WHAT IS BEING ASKED ▸ Return the records word for word. Pictures do not belong in the copy.

--- RECORDS SHOWN Enclosed Below ---

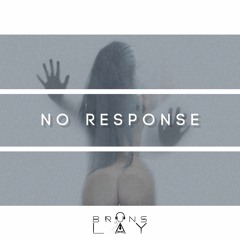 Bruns Lay - No Response (Radio Edit)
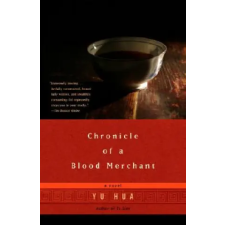 Random House USA Inc Chronicle of a Blood Merchant | Yu Hua egyéb könyv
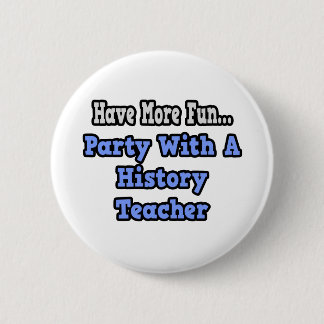 Party With A History Teacher 6 Cm Round Badge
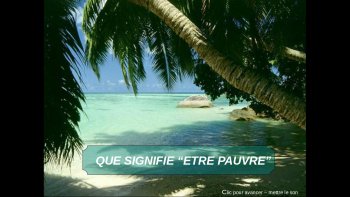  QUE SIGNIFIE "ÊTRE PAUVRE"...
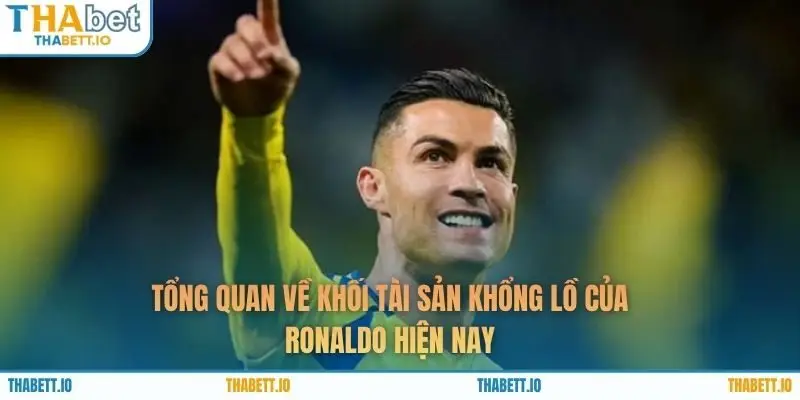 Tổng quan về khối tài sản khổng lồ của Ronaldo hiện nay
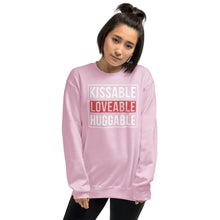 Load image into Gallery viewer, Kissable Lovable Huggable Unisex Sweatshirt
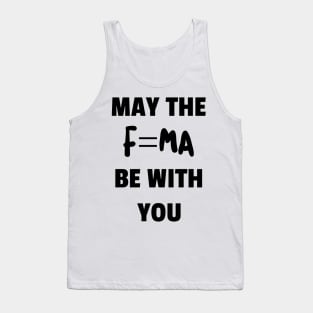 May the Force Be With You Tank Top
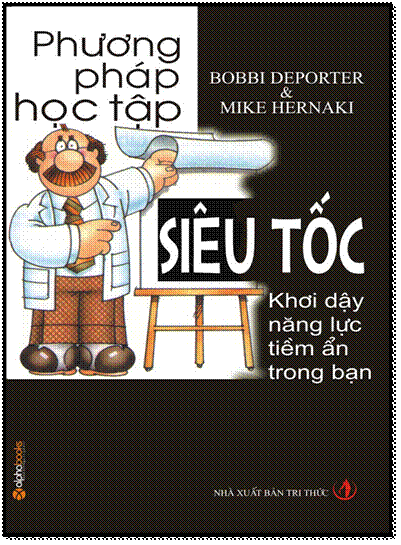 Phương Pháp Học Tập Siêu Tốc (NXB Tri Thức 2007) - Bobbi DePorter, 352 Trang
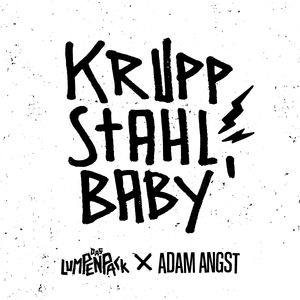 Kruppstahl, Baby - Das Lumpenpack & Adam Angst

--- End of Enclosed RECORDS SHOWN ---

REPLY TO THE EXERCISE ▸
 Bruns Lay - No Response (Radio Edit)
 Random House USA Inc Chronicle of a Blood Merchant | Yu Hua egyéb könyv
 Party With A History Teacher 6 Cm Round Badge
  QUE SIGNIFIE "ÊTRE PAUVRE"...
 Tổng quan về khối tài sản khổng lồ của Ronaldo hiện nay
 Load image into Gallery viewer, Kissable Lovable Huggable Unisex Sweatshirt
 May the Force Be With You Tank Top
 Phương Pháp Học Tập Siêu Tốc (NXB Tri Thức 2007) - Bobbi DePorter, 352 Trang
 Kruppstahl, Baby - Das Lumpenpack & Adam Angst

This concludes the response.